EXERCISE DETAILS:
Word for word, restate the lines of the data below between those holding "Building Photo - Beautifully" and "Premierul Marcel Ciolacu", inclusive; pictures do not belong in the copy.
====== AVAILABLE DATA ======
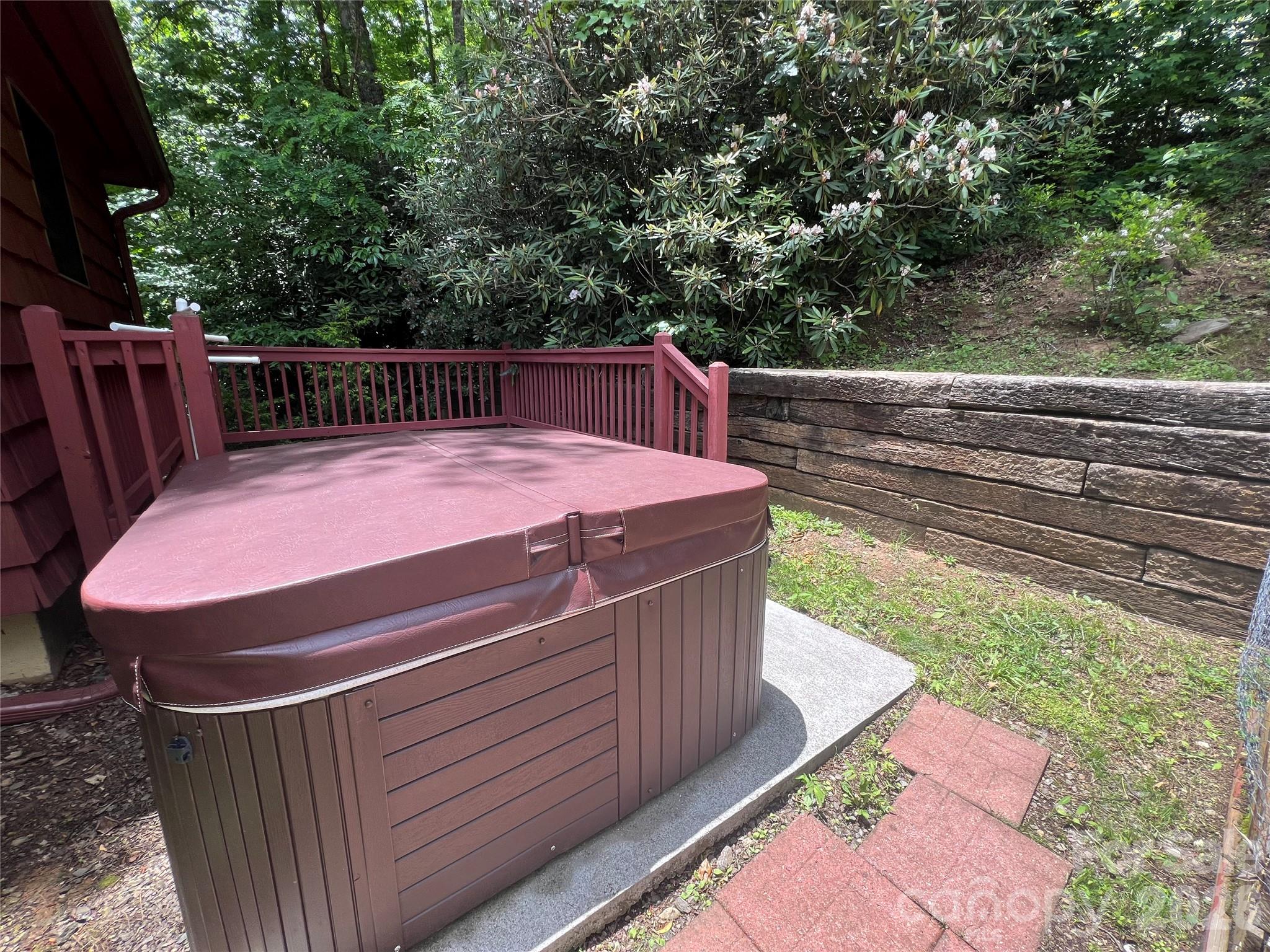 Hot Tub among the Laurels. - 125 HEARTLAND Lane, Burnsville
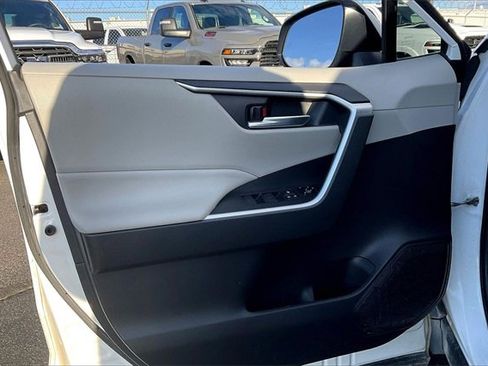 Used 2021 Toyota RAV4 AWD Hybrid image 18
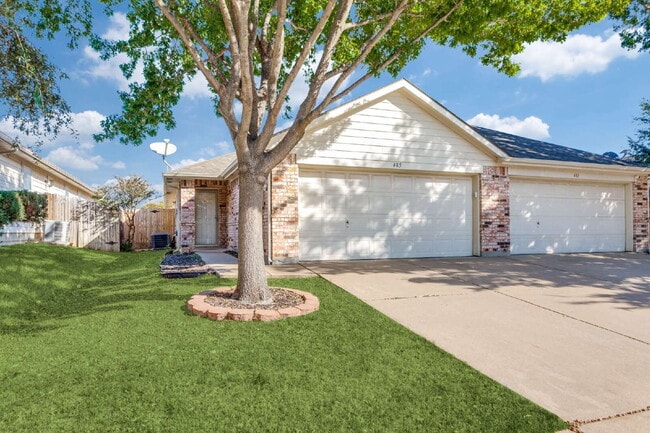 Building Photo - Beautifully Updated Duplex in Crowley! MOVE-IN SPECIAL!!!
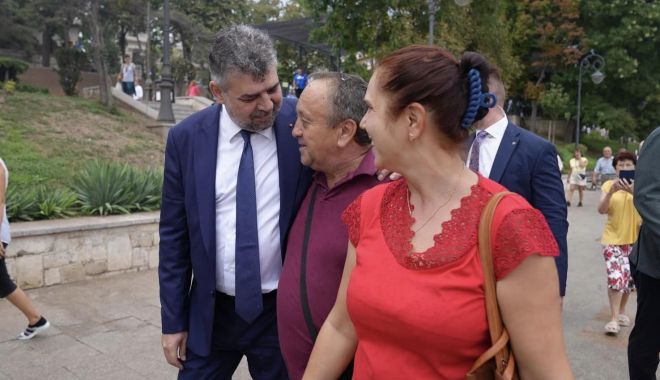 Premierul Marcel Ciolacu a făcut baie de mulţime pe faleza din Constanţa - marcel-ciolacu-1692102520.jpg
======
====== AVAILABLE DATA ======
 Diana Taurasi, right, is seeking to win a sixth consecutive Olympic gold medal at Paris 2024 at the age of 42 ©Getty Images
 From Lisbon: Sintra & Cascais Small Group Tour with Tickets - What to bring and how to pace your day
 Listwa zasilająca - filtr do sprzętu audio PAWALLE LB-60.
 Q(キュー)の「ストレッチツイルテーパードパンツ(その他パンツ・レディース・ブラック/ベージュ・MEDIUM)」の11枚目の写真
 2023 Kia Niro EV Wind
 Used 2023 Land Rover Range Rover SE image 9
======
OUTPUT OF THE TASK:
 Building Photo - Beautifully Updated Duplex in Crowley! MOVE-IN SPECIAL!!!
 Premierul Marcel Ciolacu a făcut baie de mulţime pe faleza din Constanţa - marcel-ciolacu-1692102520.jpg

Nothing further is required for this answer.